Olympus WideE (1957)
The Olympus Wide E was launched in 1957. The camera features a lever-type film advance mechanism, and it was the first Japanese camera with an uncoupled exposure meter. This allows the choice of correct exposure combination which can be acquired by reading the figure from the scale in the selenium cell exposure meter.
Olympus Wide Super (1957)
The Olympus Wide Super was introduced in 1957, promoted as a high-end model in the Olympus Wide series. The camera features an F2 large-aperture wide-angle lens, a coupled rangefinder, and a parallax corrected viewfinder.
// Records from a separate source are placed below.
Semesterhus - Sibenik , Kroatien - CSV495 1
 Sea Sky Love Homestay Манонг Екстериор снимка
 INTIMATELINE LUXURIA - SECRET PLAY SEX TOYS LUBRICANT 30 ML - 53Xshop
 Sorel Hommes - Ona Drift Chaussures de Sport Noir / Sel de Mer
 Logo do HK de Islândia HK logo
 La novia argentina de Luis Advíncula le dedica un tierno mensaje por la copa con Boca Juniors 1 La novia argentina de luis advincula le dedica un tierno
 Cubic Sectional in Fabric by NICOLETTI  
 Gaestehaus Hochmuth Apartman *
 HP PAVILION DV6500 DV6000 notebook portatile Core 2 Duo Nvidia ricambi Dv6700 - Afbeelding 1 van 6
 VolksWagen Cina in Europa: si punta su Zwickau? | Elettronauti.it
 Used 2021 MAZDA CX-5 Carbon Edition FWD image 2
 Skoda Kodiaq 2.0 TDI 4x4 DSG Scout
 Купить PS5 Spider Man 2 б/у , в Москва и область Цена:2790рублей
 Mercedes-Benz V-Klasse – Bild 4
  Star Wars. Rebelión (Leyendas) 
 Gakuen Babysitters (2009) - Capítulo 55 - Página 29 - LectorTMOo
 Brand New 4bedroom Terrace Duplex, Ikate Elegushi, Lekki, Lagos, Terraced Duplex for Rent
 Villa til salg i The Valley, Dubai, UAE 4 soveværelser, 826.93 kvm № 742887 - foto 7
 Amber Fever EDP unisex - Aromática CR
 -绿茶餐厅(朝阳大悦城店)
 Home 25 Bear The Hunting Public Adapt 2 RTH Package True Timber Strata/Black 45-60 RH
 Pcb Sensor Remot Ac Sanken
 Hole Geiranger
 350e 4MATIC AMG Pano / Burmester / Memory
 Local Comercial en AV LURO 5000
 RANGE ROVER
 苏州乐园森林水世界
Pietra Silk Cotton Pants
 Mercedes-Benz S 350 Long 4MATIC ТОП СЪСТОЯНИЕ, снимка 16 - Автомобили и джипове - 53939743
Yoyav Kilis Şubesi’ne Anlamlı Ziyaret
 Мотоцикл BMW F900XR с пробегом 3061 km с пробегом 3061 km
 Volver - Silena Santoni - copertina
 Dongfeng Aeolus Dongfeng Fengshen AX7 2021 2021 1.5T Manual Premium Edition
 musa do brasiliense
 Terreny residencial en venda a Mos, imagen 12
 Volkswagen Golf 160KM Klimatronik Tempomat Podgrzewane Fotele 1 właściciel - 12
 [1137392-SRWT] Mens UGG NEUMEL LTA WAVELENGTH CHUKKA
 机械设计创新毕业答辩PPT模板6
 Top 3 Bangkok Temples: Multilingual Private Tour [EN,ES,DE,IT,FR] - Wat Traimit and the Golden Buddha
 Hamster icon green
The Olympus Wide Super is the first camera equipped with the "free light value" system, which allowed the photographer to set the shutter speed and aperture combination simply by reading the light value in a small window between the shutter ring and aperture ring.
Olympus SII 1.8 (1957)
This camera featured a bright field view-finder and the G Zuiko 42mm F1.8 lens (5 groups, 7 elements) was the first F1.8 wide-aperture lens used as a standard lens in a 35mm standard camera.
Olympus Auto (1958)
The Olympus Auto was developed as a high-end lens-shutter camera with a coupled exposure meter. The exposure meter could be set to give priority either to aperture or shutter speed. Other features of this high-spec camera included a viewfinder with automatic parallax correction, a coupled rangefinder, and a wide-aperture F1.8 lens.
Olympus Ace (1958)
The Olympus Ace was launched in 1958, designed and produced Japan's first 35mm lens/shutter camera that could be used with exchangeable lenses. Three lenses were made available for the model: a standard 45mm, a wide-angle 35mm, and a telephoto 80mm. All of the lenses could be coupled with the range-finder.